The following commit(s) were added to refs/heads/master by this push:
     new fa3ef03a0734 [SPARK-47463][SQL] Use V2Predicate to wrap expression 
with return type of boolean
fa3ef03a0734 is described below

commit fa3ef03a073407966765544c936a9c65401e955a
Author: Zhen Wang <643348...@qq.com>
AuthorDate: Tue Apr 16 13:41:53 2024 +0800

    [SPARK-47463][SQL] Use V2Predicate to wrap expression with return type of 
boolean
    
    ### What changes were proposed in this pull request?
    
    Use V2Predicate to wrap If expr when building v2 expressions.
    
    ### Why are the changes needed?
    
    The `PushFoldableIntoBranches` optimizer may fold predicate into (if / 
case) branches and `V2ExpressionBuilder` wraps `If` as 
`GeneralScalarExpression`, which causes the assertion in 
`PushablePredicate.unapply` to fail.
    
    ### Does this PR introduce _any_ user-facing change?
    
    No
    
    ### How was this patch tested?
    
    added unit test
    
    ### Was this patch authored or co-authored using generative AI tooling?
    
    No
    
    Closes #45589 from wForget/SPARK-47463.
    
    Authored-by: Zhen Wang <643348...@qq.com>
    Signed-off-by: Wenchen Fan <wenc...@databricks.com>
---
 .../sql/catalyst/util/V2ExpressionBuilder.scala    | 159 +++++++++++----------
 .../spark/sql/connector/DataSourceV2Suite.scala    |  10 ++
 2 files changed, 97 insertions(+), 72 deletions(-)

diff --git 
a/sql/core/src/main/scala/org/apache/spark/sql/catalyst/util/V2ExpressionBuilder.scala
 
b/sql/core/src/main/scala/org/apache/spark/sql/catalyst/util/V2ExpressionBuilder.scala
index 3942d193a328..398f21e01b80 100644
--- 
a/sql/core/src/main/scala/org/apache/spark/sql/catalyst/util/V2ExpressionBuilder.scala
+++ 
b/sql/core/src/main/scala/org/apache/spark/sql/catalyst/util/V2ExpressionBuilder.scala
@@ -25,7 +25,7 @@ import org.apache.spark.sql.connector.expressions.{Cast => 
V2Cast, Expression =>
 import org.apache.spark.sql.connector.expressions.aggregate.{AggregateFunc, 
Avg, Count, CountStar, GeneralAggregateFunc, Max, Min, Sum, 
UserDefinedAggregateFunc}
 import org.apache.spark.sql.connector.expressions.filter.{AlwaysFalse, 
AlwaysTrue, And => V2And, Not => V2Not, Or => V2Or, Predicate => V2Predicate}
 import org.apache.spark.sql.execution.datasources.PushableExpression
-import org.apache.spark.sql.types.{BooleanType, IntegerType, StringType}
+import org.apache.spark.sql.types.{BooleanType, DataType, IntegerType, 
StringType}
 
 /**
  * The builder to generate V2 expressions from catalyst expressions.
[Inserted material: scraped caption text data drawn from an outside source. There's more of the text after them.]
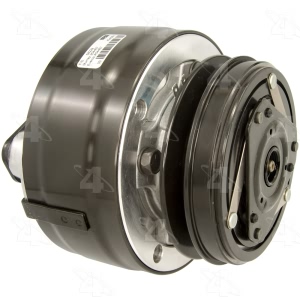 Four Seasons A C Compressor With Clutch for 1984 Chevrolet S10 - 58229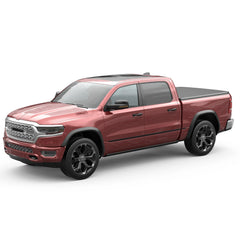 Front Driver Left Side Door Window Glass Replacement For 2019-2022 Ram 1500 Pickup 2 Door 2019-2025 Ram 1500 Pickup 4 Door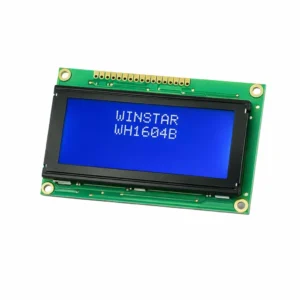 4x16 Mavi Karakter LCD Ekran WH1604B-TMI-CT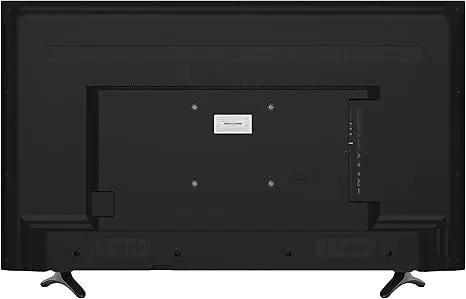 Hisense 43R7E 43-inch 4K Ultra HD Roku Smart LED TV HDR (2019) image 3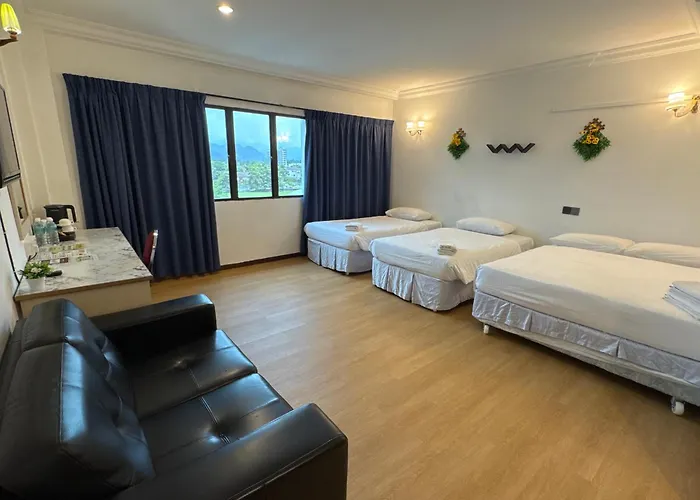 Fair Park Hotel Ipoh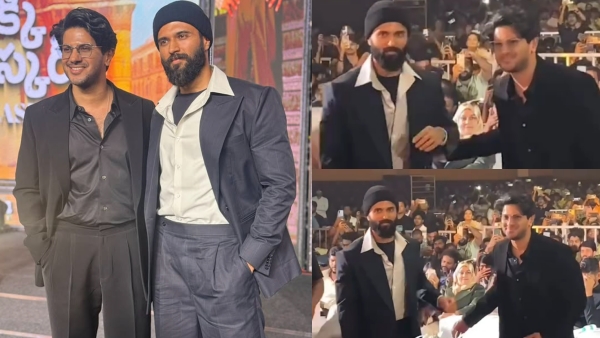 Vijay Deverakonda  Dulquer Salmaan
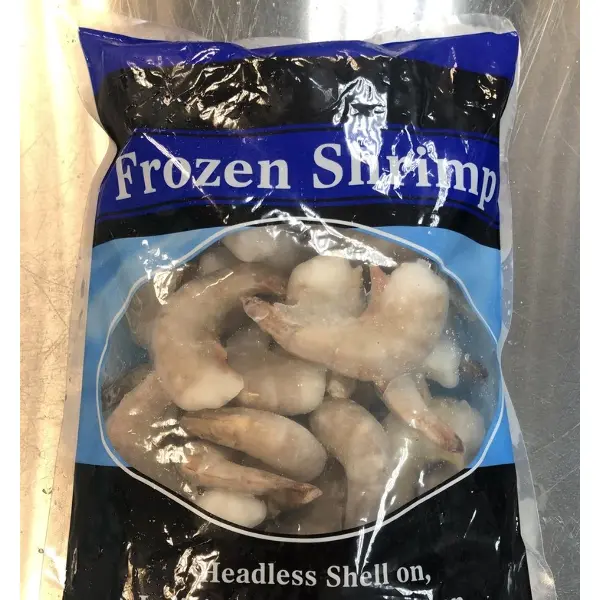 Креветка ваннамей с/м в панцире б/г 16/20 кат.В Zhangzhou Donghao Seafoods Co.Ltd 1кг,10кг/кор,Китай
@@ -98,45 +98,45 @@ class V2ExpressionBuilder(e: Expression, isPredicate: 
Boolean = false) {
       generateExpression(child).map(v => new V2Cast(v, dataType))
     case AggregateExpression(aggregateFunction, Complete, isDistinct, None, _) 
=>
       generateAggregateFunc(aggregateFunction, isDistinct)
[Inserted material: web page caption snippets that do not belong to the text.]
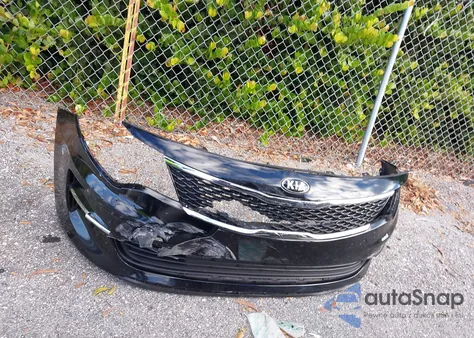 2018 Kia Optima Lx z USA, uszkodzony, nr VIN 5XXGT4L34JG183485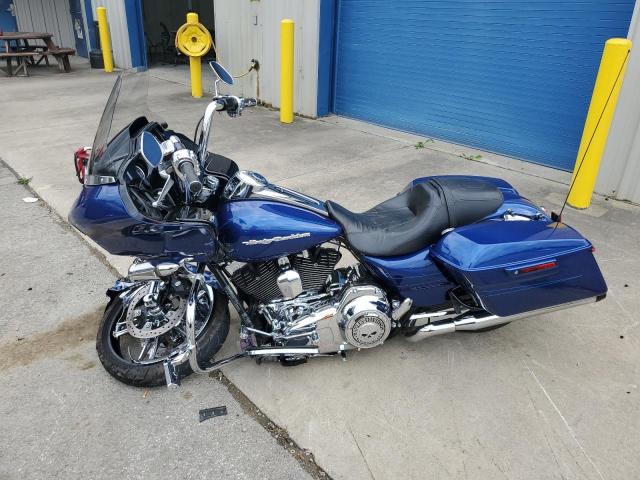 HARLEY-DAVIDSON FL 2015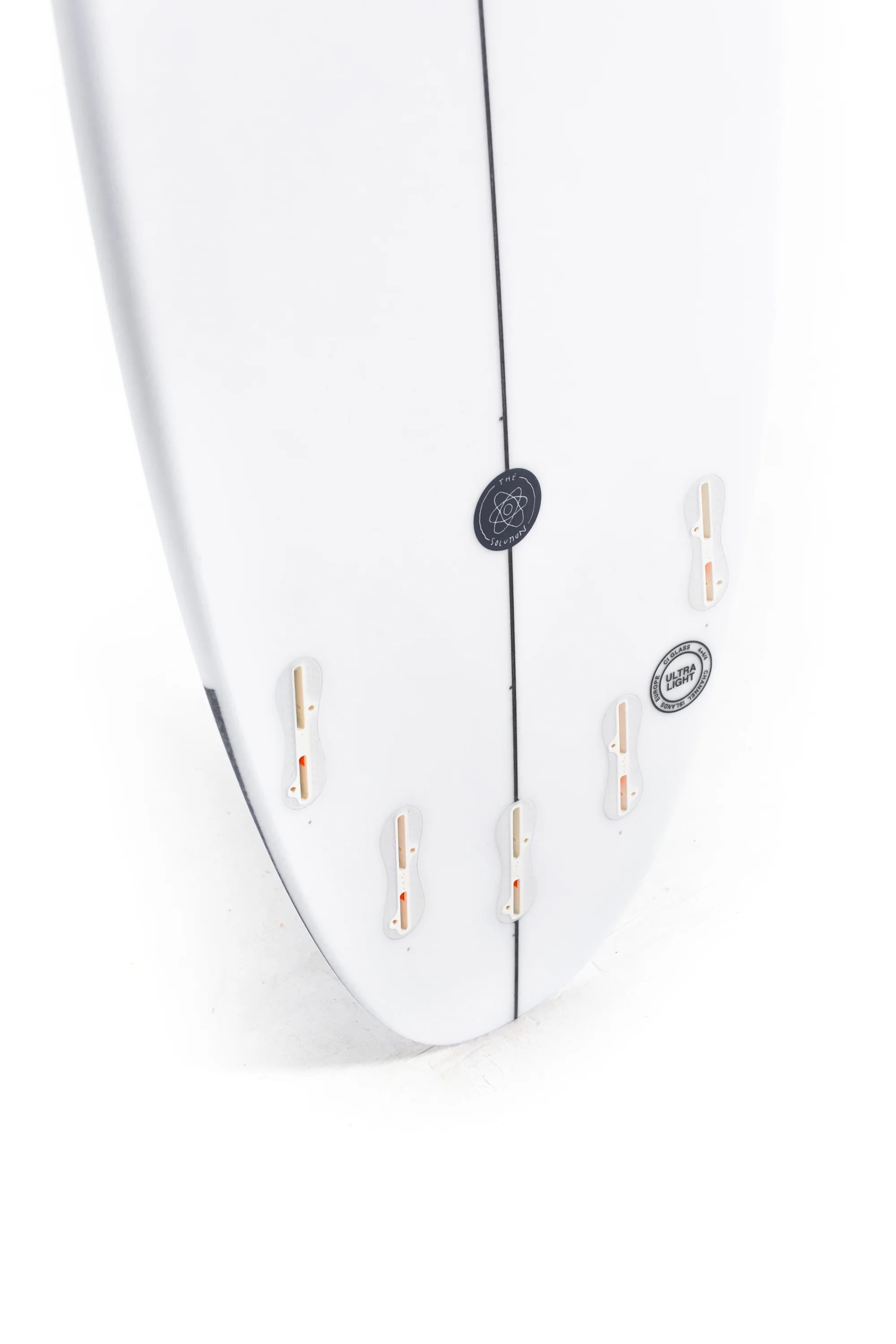 Channel Islands Surfboards - THE SOLUTION by Britt Merrick - 5'11" x 20 3/4 x 2 3/4 - 36L - CI40599 - Image 10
-    case Abs(child, true) => generateExpressionWithName("ABS", Seq(child))
-    case Coalesce(children) => generateExpressionWithName("COALESCE", children)
-    case Greatest(children) => generateExpressionWithName("GREATEST", children)
-    case Least(children) => generateExpressionWithName("LEAST", children)
-    case Rand(child, hideSeed) =>
+    case Abs(_, true) => generateExpressionWithName("ABS", expr, isPredicate)
+    case _: Coalesce => generateExpressionWithName("COALESCE", expr, 
isPredicate)
+    case _: Greatest => generateExpressionWithName("GREATEST", expr, 
isPredicate)
+    case _: Least => generateExpressionWithName("LEAST", expr, isPredicate)
+    case Rand(_, hideSeed) =>
       if (hideSeed) {
         Some(new GeneralScalarExpression("RAND", Array.empty[V2Expression]))
       } else {
-        generateExpressionWithName("RAND", Seq(child))
+        generateExpressionWithName("RAND", expr, isPredicate)
       }
-    case log: Logarithm => generateExpressionWithName("LOG", log.children)
-    case Log10(child) => generateExpressionWithName("LOG10", Seq(child))
-    case Log2(child) => generateExpressionWithName("LOG2", Seq(child))
-    case Log(child) => generateExpressionWithName("LN", Seq(child))
-    case Exp(child) => generateExpressionWithName("EXP", Seq(child))
-    case pow: Pow => generateExpressionWithName("POWER", pow.children)
-    case Sqrt(child) => generateExpressionWithName("SQRT", Seq(child))
-    case Floor(child) => generateExpressionWithName("FLOOR", Seq(child))
-    case Ceil(child) => generateExpressionWithName("CEIL", Seq(child))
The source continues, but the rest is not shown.